The Jesus Lizard – Goat
Released March 15th, 1991 on Touch and Go Records
Produced by Steve Albini
Steve Albini, producer and purveyor of all things heavier than lead, once opined that the Jesus Lizard were the best band he’d ever heard. They were certainly heavy enough to attract the man’s attention: the Jesus Lizard had a near-industrial sound, where they weren’t an industrial band but they were as punishing and unrelenting as any given industrial band so they get an honorary mention. Their second album, Goat, is a perfect example of this: moments of unsettling quiet punctuated by pummeling noise sections driven by amped-out guitars and slamming drums, strung together with singer David Yow’s signature unhinged delivery. Each one of the band’s four Touch and Go records is largely the same, but Goat is special specifically because it has “Mouth Breather” on it, which is my favourite Jesus Lizard song. Most of the rest of the songs on Goat are impressionistic, finding uncomfortable or wildly inappropriate lines and repeating them. “Lady Shoes”, for example, combines aspects of scat and masturbation; one of the people on lyrical repository/explain-the-songs site Genius.com referred to it as “David Yow’s version of the aristocrats joke” which, honestly, is dead on. “Mouth Breather”, though, is about a specific event. Steve Albini had to go away from home for a while and got Slint drummer Britt Walford to house sit. Walford lost the keys to the house, broke the front door drunkenly trying to get into the house, and replaced the door with nailed-up 2x4s; the 2014 Breadcrumb Trail documentary about Slint details further that Walford would go in and out of the house through an attic window.
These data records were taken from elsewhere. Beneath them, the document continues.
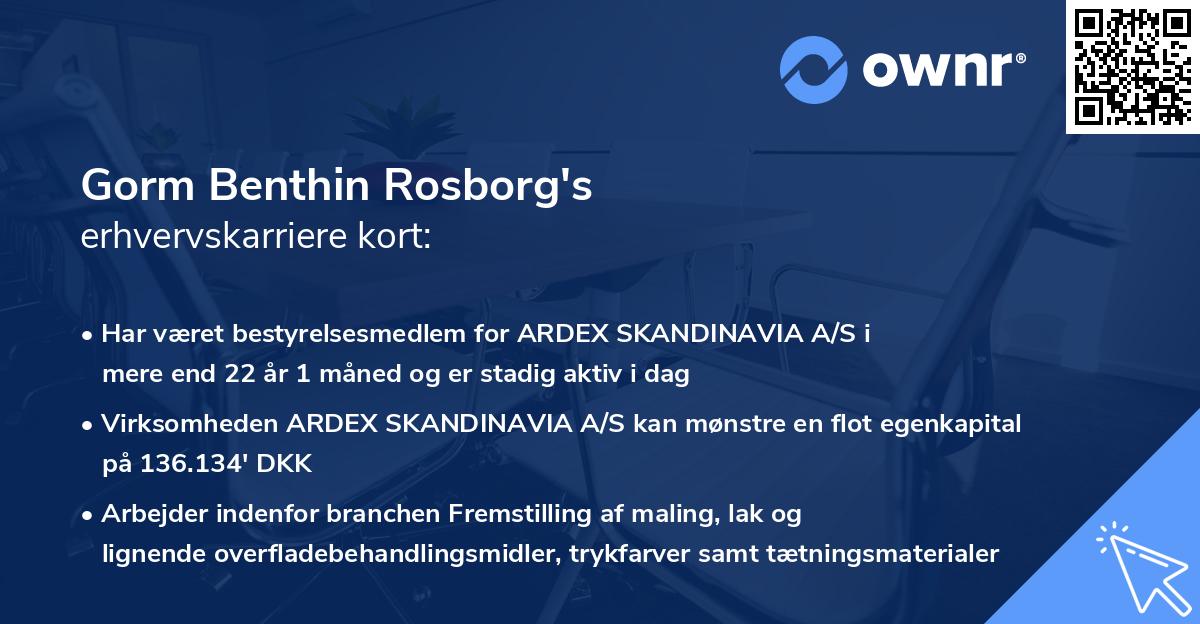 Gorm Benthin Rosborg's erhvervskarriere kort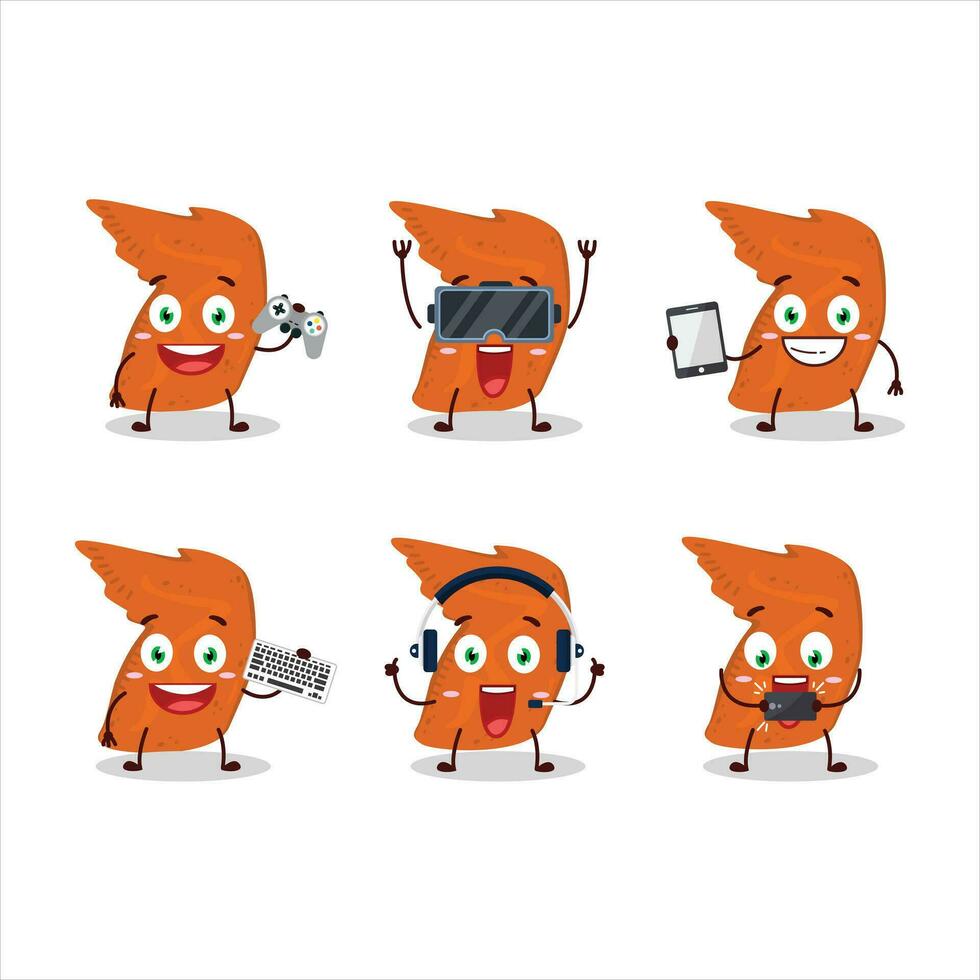 Chicken wings cartoon character are playing games with various cute emoticons vector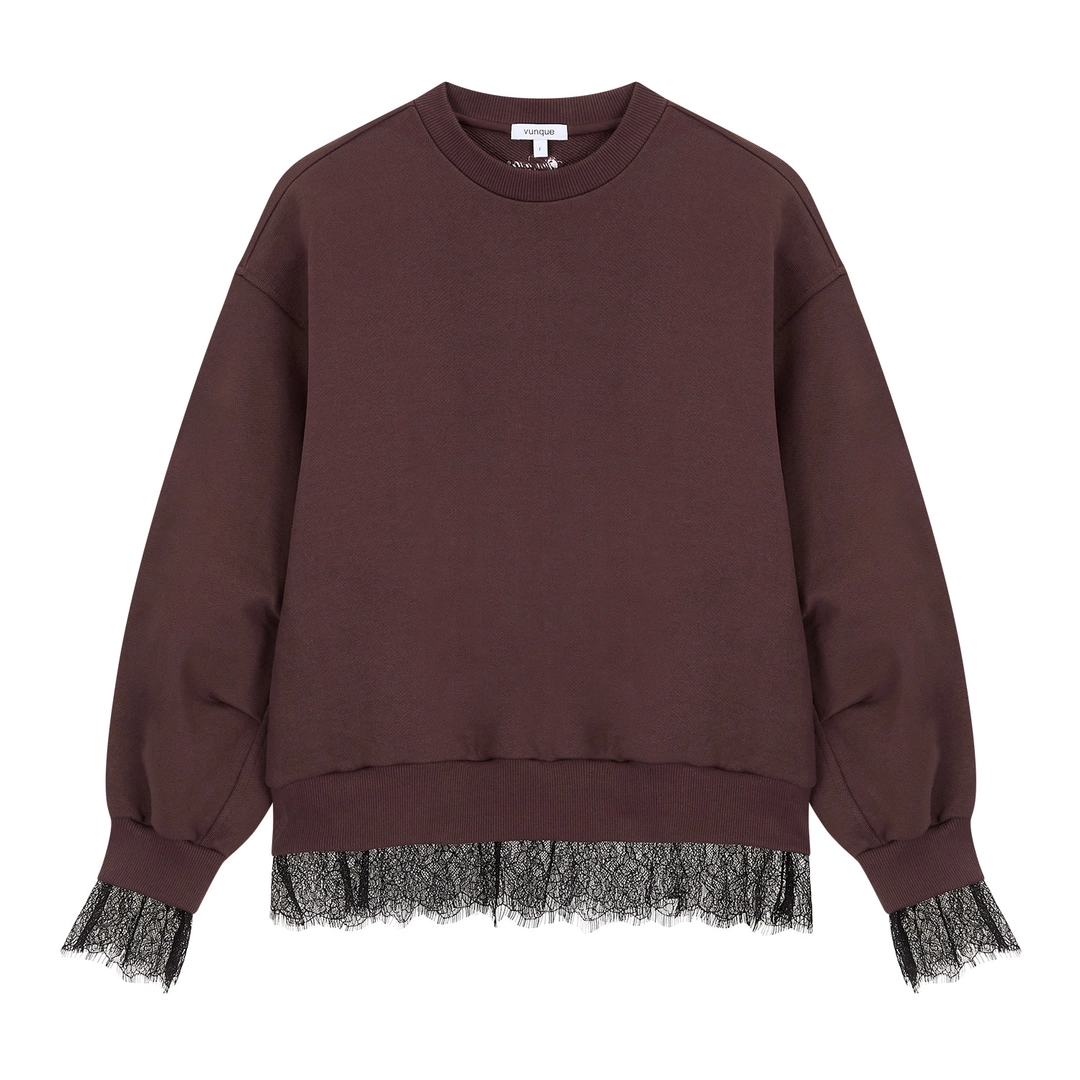 분크 Romantic Goth Sweatshirt (로맨틱 고스 스웻셔츠) Burgundy 상품 이미지 1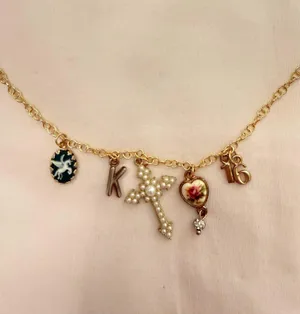Custom Charm Necklace Gold thumbnail 1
Later he broke the toilet and piss water leaked down into the basement, where Albini had his home recording studio set up (“And in my basement, I found raining piss / and in my kitchen I found my friend deceased”). When Albini and Yow discussed the incident afterward, Albini said the line that ended up as the song’s refrain: “Don’t get me wrong, he’s a nice guy, I like him just fine, but he’s a mouth breather.”
The band would go on to release a few more albums and then break up in 1999; like most of their peers they got together ten years later and have been touring sporadically ever since. Goat, along with the follow-up Liar, remains the definitive recording of what the band was all about: mess and noise sculpted into heaving oceanic waves of pure hardcore rock ‘n’ roll.